Die Digitalisierung hat weitere Dialogkanäle zwischen Unternehmen und Bewerbern eröffnet. Einige Firmen bieten potenziellen Kandidaten die Möglichkeit, über den Mes­saging-Dienst Whatsapp Interesse an einem Job zu äußern und Fragen zu stellen. Andere Arbeitgeber haben auf ihren Websites Chatbots – Computerprogramme, die automatisiert mit dem Anwender kommunizieren und Fragen beantworten.

Digitale Bewerberplattformen haben zudem viele Prozesse vereinfacht. Wer sich zum Beispiel online bei Siemens bewirbt, hat die Option, das Anschreiben wegzulassen. Der Lebenslauf und ein Link zum Linkedin-Profil genügen. Der Versandhändler Otto möchte ebenfalls kein Anschreiben – stattdessen beantworten Kandidaten online einige Motivationsfragen.

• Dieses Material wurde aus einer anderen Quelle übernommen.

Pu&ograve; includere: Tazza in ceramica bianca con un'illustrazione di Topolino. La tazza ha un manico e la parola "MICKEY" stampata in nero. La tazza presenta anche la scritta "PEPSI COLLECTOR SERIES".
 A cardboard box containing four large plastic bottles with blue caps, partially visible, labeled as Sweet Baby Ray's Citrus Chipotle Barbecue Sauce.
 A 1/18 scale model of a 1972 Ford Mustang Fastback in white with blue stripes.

Gerade junge Bewerber nutzen Videointerviews. „Die Kandidaten laden neben ihren Bewerbungsunterlagen ein Handyvideo hoch. Darin antworten sie meist auf standardisierte Fragen des ausgewählten Unternehmens“, erklärt Martina Niemann vom Bundesverband der Personalmanager. Die Bewerber ermöglichen damit schon vor dem persönlichen Gespräch einen umfassenden Eindruck von sich.

Der Blick in die Zukunft zeigt, dass die Stellenvermittlung bald noch stärker automatisiert ablaufen kann. Und zwar dann, wenn künstliche Intelligenz zum Einsatz kommt. Etwa beim sogenannten Matching, also dem automatischen Abgleich von Kandidatenprofilen und Unternehmensanforderungen. Die Entwicklung steht hier jedoch noch am Anfang.